Крутилич не знал, что ответить, потому что не знал, что по этому поводу говорил в партийном комитете Орлеанцев.
— Да, — сказал он так, будто бы говорил «нет».
— Что да? Вам или кому–либо другому?
— Насколько я помню — мне.
— А когда? В январе, как это помечено на расписке? Или все–таки позже?
— Точно я дату не скажу. Я же не знал, что на меня будут возводить напраслину. Всех дат не запоминал.

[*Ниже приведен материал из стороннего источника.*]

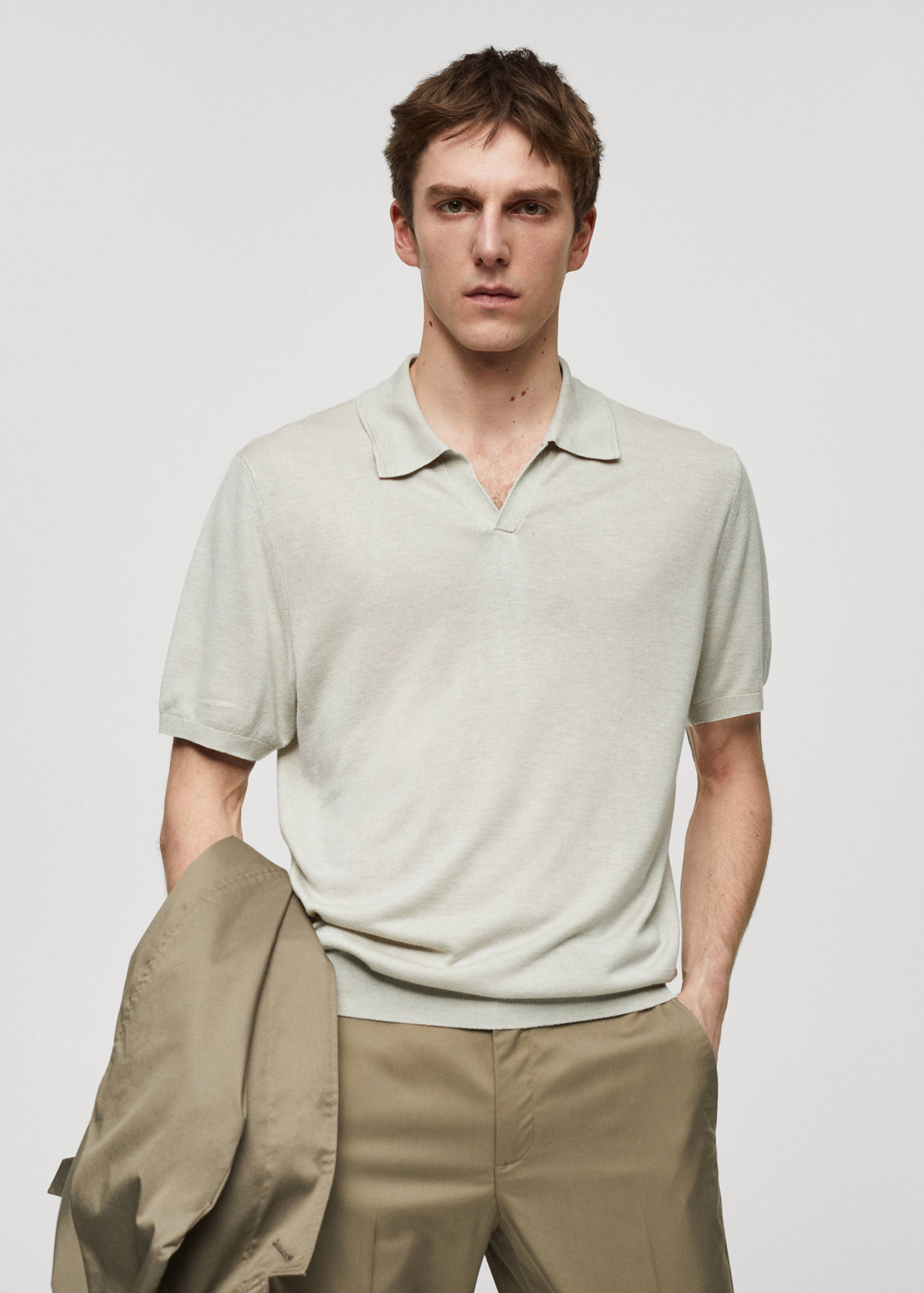 Short-sleeve knitted polo shirt - Medium plane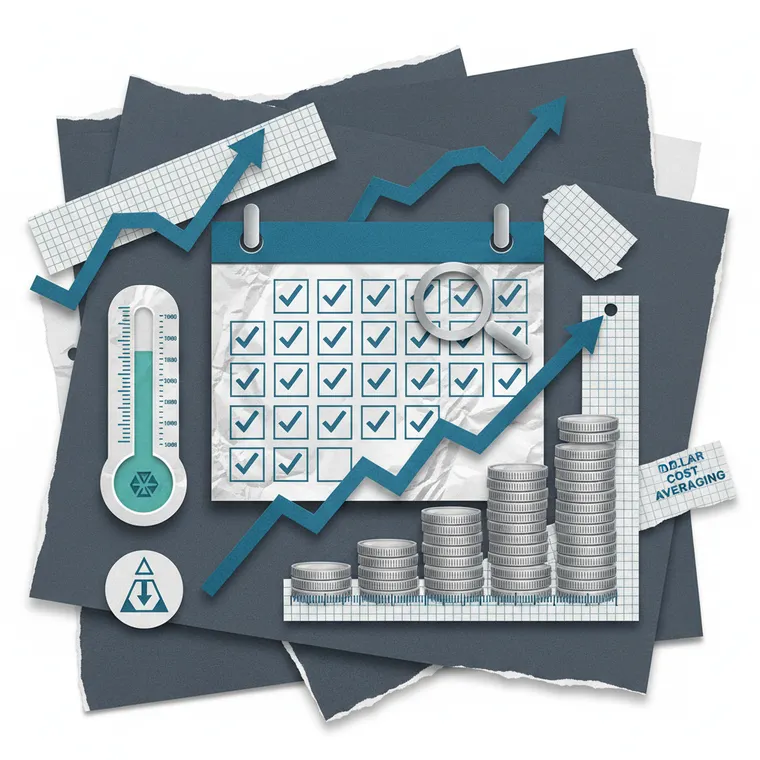 암호화폐 DCA 적립식 분할 매수 투자 전략 공포탐욕지수 데이터 분석 페이퍼컷 콜라주 일러스트레이션
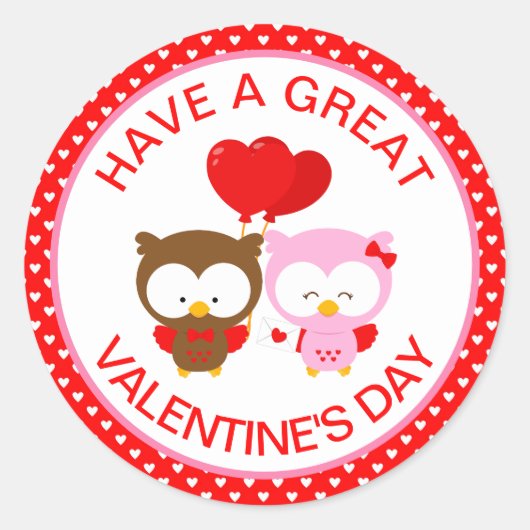 Cute Owls Couple en Hearts Valentijnsdag Ronde Sticker (Voorkant)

— Ну примерно, примерно. Зимой или летом?
— Зимой, пожалуй.
Было много вопросов, на трибуну вызывали то Орлеанцева, то Крутилича, то Воробейного. Выступали члены завкома, высказывали свое мнение. Но дело вперед не подвигалось. Орлеанцев, Крутилич и Воробейный все отрицали, и прямых доказательств их вины не было. В одиннадцатом часу вечера председатель завкома предложил прервать заседание до следующего дня. Предложение приняли.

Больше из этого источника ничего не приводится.